• _Problem description_
The whole listing, except its pictures, is to be repeated exactly.

• _Raw data_
--------------------------------------------------

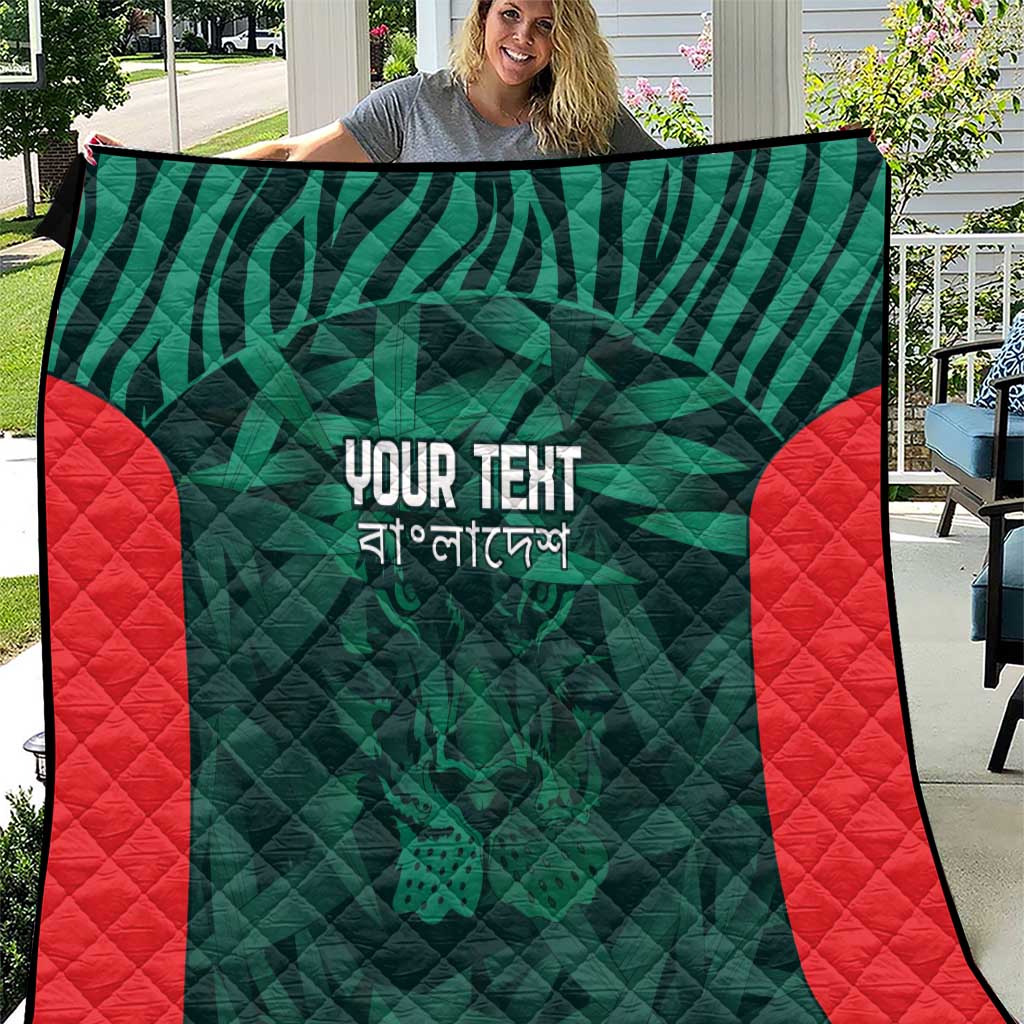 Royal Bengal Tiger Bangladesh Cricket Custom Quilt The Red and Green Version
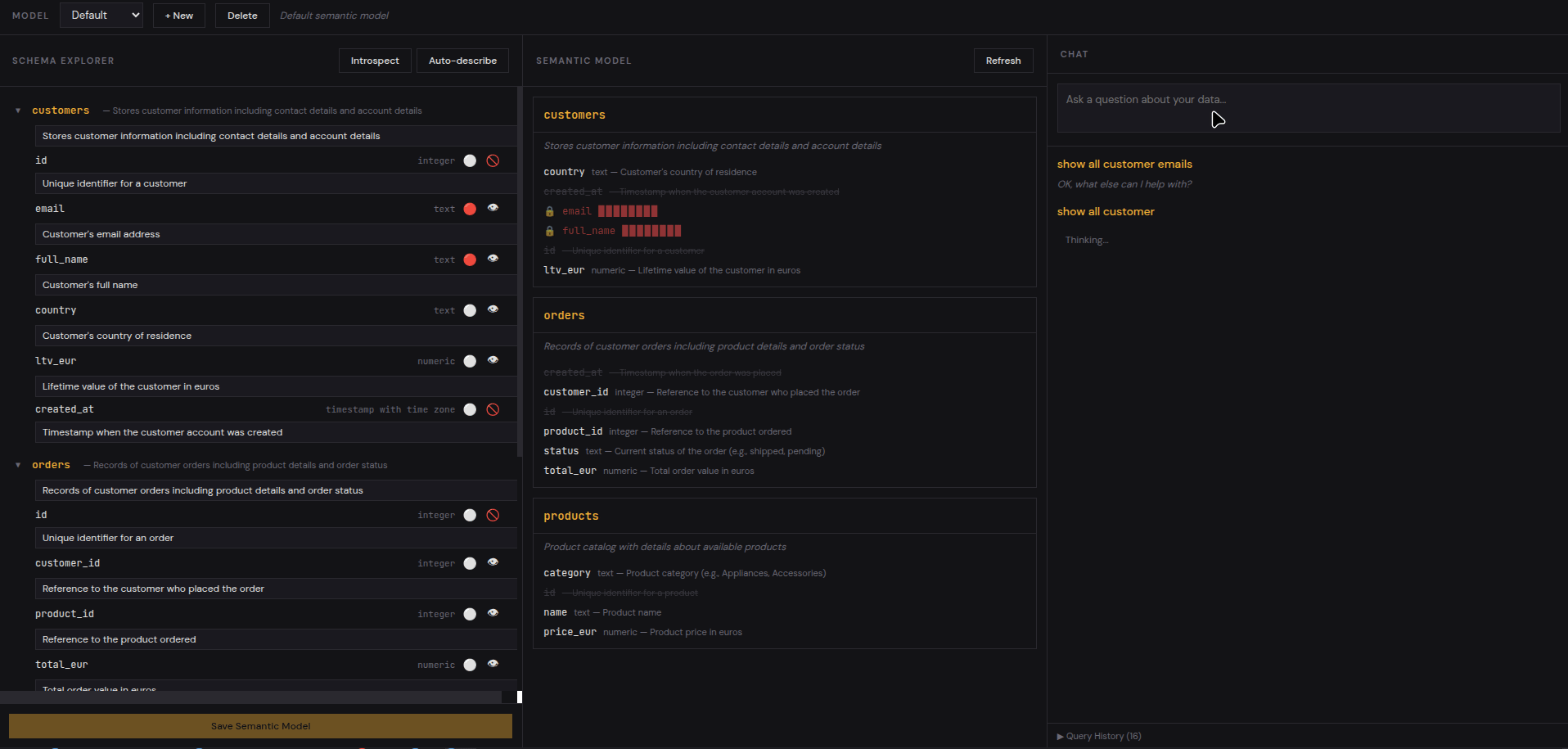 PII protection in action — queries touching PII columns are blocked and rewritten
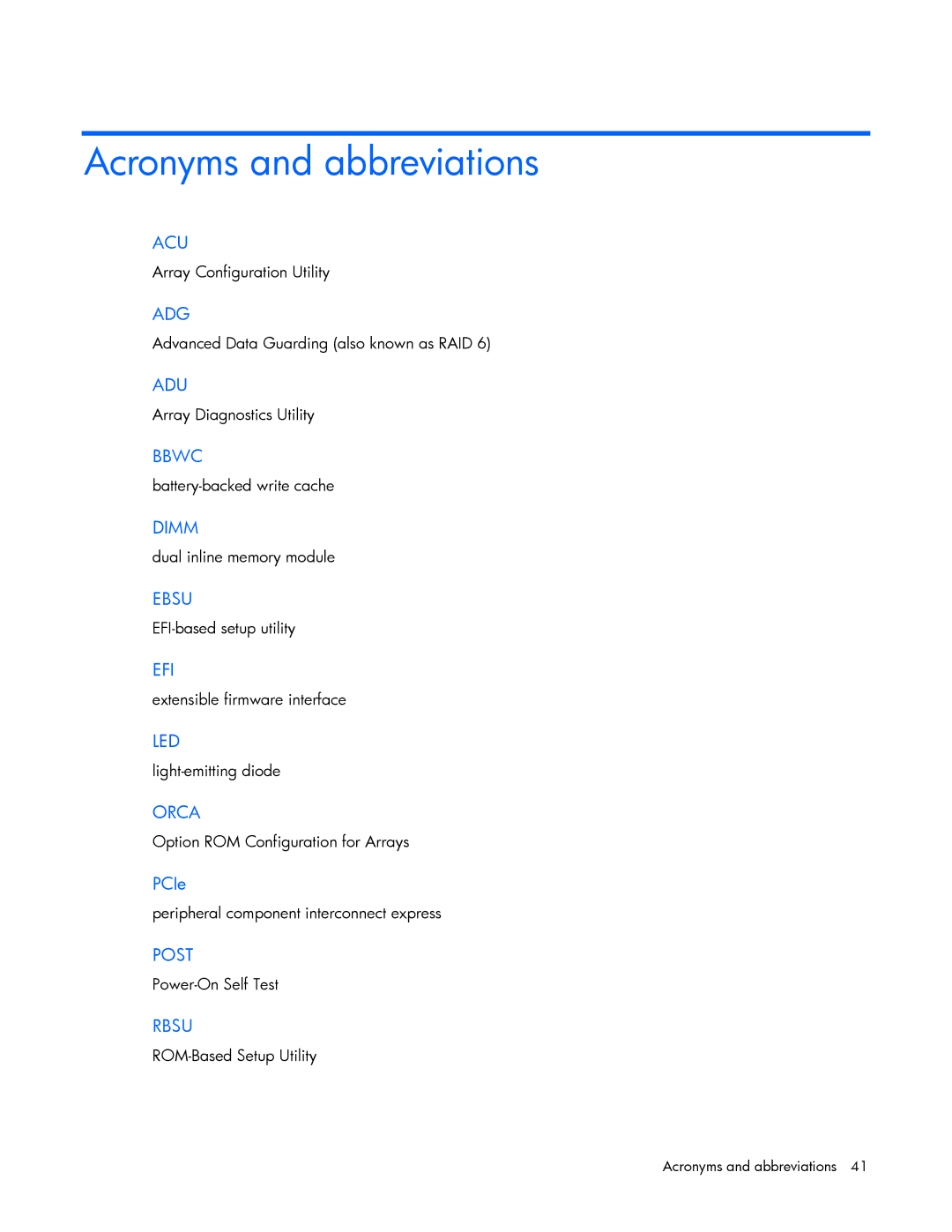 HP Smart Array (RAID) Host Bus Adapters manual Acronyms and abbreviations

--------------------------------------------------

• _Answer to this task_
 Royal Bengal Tiger Bangladesh Cricket Custom Quilt The Red and Green Version
 PII protection in action — queries touching PII columns are blocked and rewritten
 HP Smart Array (RAID) Host Bus Adapters manual Acronyms and abbreviations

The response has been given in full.